Forse i tempi sono maturi affinchè si possa fare un passo avanti, decisivo –
Venticinque anni dopo, 25. Nei prodromi di Tangentopoli – e poi durante – abbiamo rilevato le strane frequentazioni di Antonio Di Pietro con il Dipartimento di Giustizia USA oltre che con Rudolph Giuliani (che oggi potrebbe essere di grande aiuto oggi all’Italia per chiarire il passato, …), oltre alle sue assidue frequentazioni con il Console USA, Peter Semler a Milano; abbiamo scoperto dopo lustri che erano stati inopinatamente annunciati all’amministrazione USA in Italia con un anticipo di mesi gli arresti ossia i connotati di quello che sarebbe stato il più grande scandalo corruttivo/mediatico della storia italiana (…). Abbiamo anche rilevato come la fine di Tangentopoli avvenne sempre “per via americana“, ossia lo stop venne imposto da Antonin Scalia per volontà del plenipotenziario USA in Italia, quel Reginald Bartholomew che fu il capo delegazione per lo smantellamento delle armi nucleari dell’ex URSS, un pezzo più che da novanta contiguo ad ambienti militari.
Dunque, dobbiamo ricordare quello che successe nel mezzo: la ricca Italia venne spolpata e chi potè ne prese un pezzetto, parlo soprattutto degli EUropei (che mai furono partners, solo avversari, anche avvoltoi se volete).
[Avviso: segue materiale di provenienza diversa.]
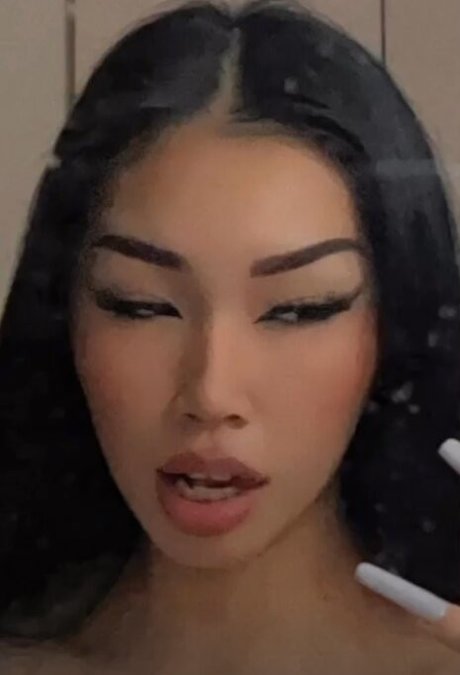 Kamilla Wong best model pictures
Quello che è stato invece taciuto è il motivo di cotanta implosione, che non sarebbe potuta avvenire in assenza di un placet USA ovvero da parte del paese che dal Trattato di Cassibile in avanti, in condominio dopo l’eccidio di Portella della Ginestra con la sempre coloniale Londra, dirige le danze in terra italica.
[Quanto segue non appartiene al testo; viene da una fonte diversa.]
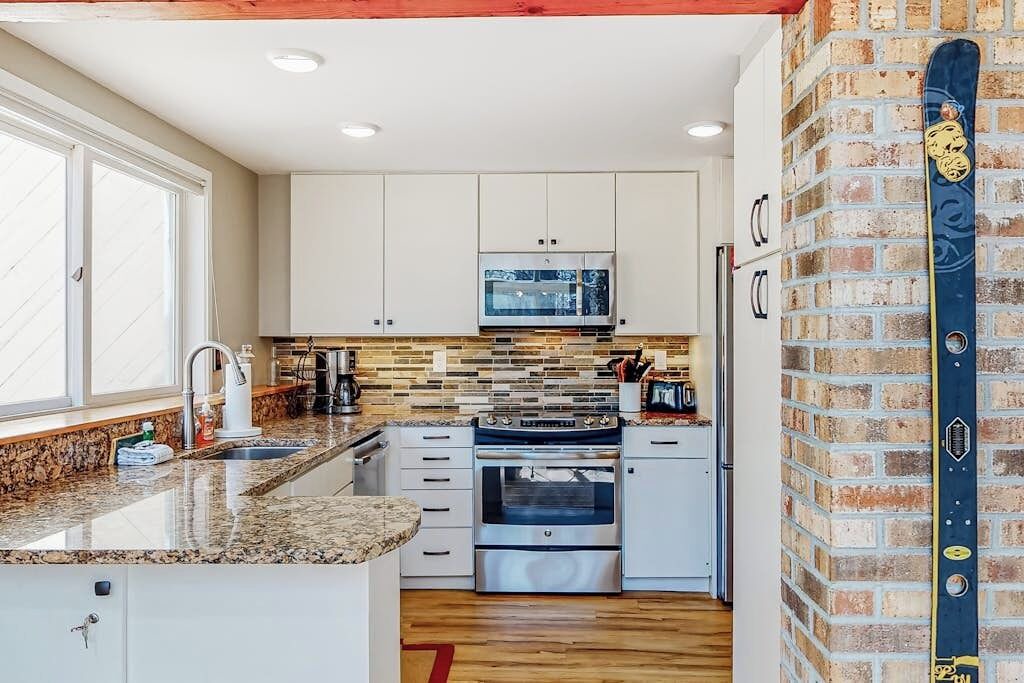 Photo of Kitchen in Warren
Dunque la prima domanda da porsi è perchè gli USA ci abbiano voltato le spalle in modo così radicale, a partire dal 1990.
La seconda domanda è il metodo: infatti non sfugge come la morte dei due giudici più in vista del Paese, il giudice Falcone ed il suo diciamo vice, Borsellino, ammazzati con tecniche ed esplosivo militari e con coperture di altissimo livello, fossero troppo coincidentali per apparire casuali. Forse stavano indagano su fatti inquietanti, forse furono parte della trama
Certamente Giovanni Falcone, parimenti, era ingombrante: ascoltatissimo, amatissimo, decisamente influente; contemporaneamente restava progressista e assolutamente garantista nella sua impostazione giuridica (perseguiva sempre i fatti, non le ipotesi), potendo realmente minare l’indirizzo voluto per Tangentopoli ormai ai blocchi di partenza, partendo dalla fazione che poi avrebbe di fatto governato – salvando se stessa – dallo scempio lì a venire (vedasi il Compagno G, alias Primo Greganti, la vera costante tra i fatti di Tangentopoli e la seconda Tangentopoli del 2011-12, ndr).
Ad esempio, il fatto che Giovanni Falcone si fosse ai tempi fatto promotore di un’iniziativa interna alla magistratura per la cancellazione dell’obbligo di azione penale (sostituendola con indirizzi programmatici) la dice lunga sulla “pericolosità antieversiva” di un personaggio simile, per quella parte anche della magistratura che poi avrebbe di lì a poco messo a ferro e fuoco il paese, cancellando la sua classe dirigente storica anche con strumenti di dubbia liceità processuale (parlo dell’uso estensivo della carcerazione preventiva in carcere, che lo stesso Antonin Scalia durante la sua famosa visita al Pool di Milano – voluta dall’ambasciatore R. Bartholomew – bollò come un abuso dei diritti democratici della difesa, ndr).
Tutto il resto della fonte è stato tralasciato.